The project objective had been achieved.

Step 7: Standardize Control And Document The Improvement Story

A six-day moving average control chart was introduced to monitor the process and ensure that deterioration in process performance was quickly detected and resolved.

A special training session entitled “Grind it in!” was conducted with the line personnel, and provided instruction on how to plot the control charts. A format was prepared for a regular quality report to senior management, and a Standard Operating Procedure was developed to ensure regular review of performance.
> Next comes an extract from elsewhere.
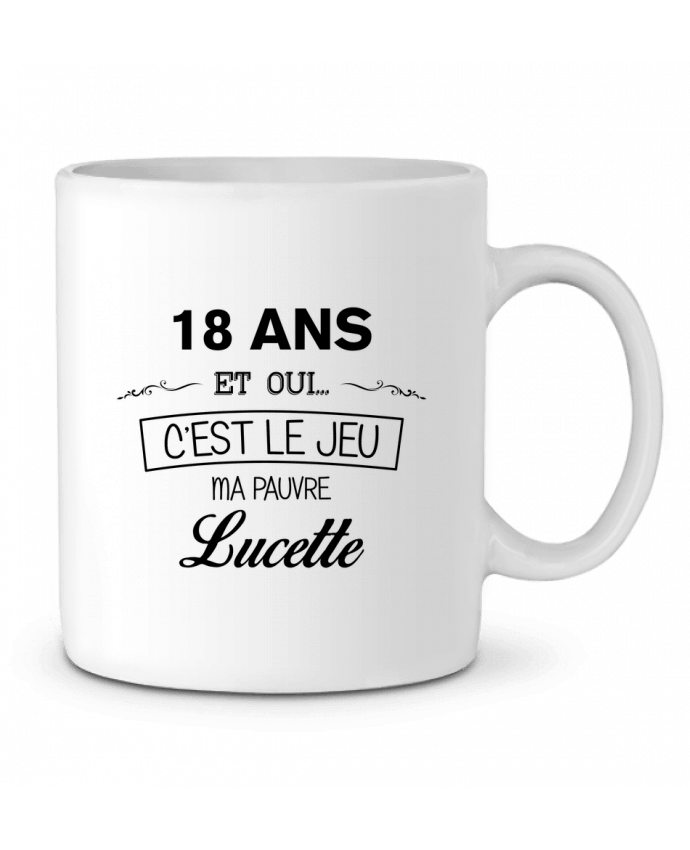 Mug  18 ma pauvre Lucette - Anniversaire par tunetoo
Finally, a quality improvement story was compiled by the project leader for training purposes and to help motivate employees in other practices.

Future Action

Just as the journey of quality never ends, improved performance only creates even higher customer expectations. The group has now resolved to improve the quality (i.e., reduce errors) for this practice to unleash the famous Lean-Six Sigma connect. Improving the quality will reduce rework and inspection and thereby further improve productivity and turnaround.

And last but not least, official recognition of the good work done by the group and Six Sigma’s impact on the company was made in an evening get-together of the employees and senior management. At this meeting the benefits from the Six Sigma approach were narrated and the resolve to continue using it was communicated. The process had taken firm root.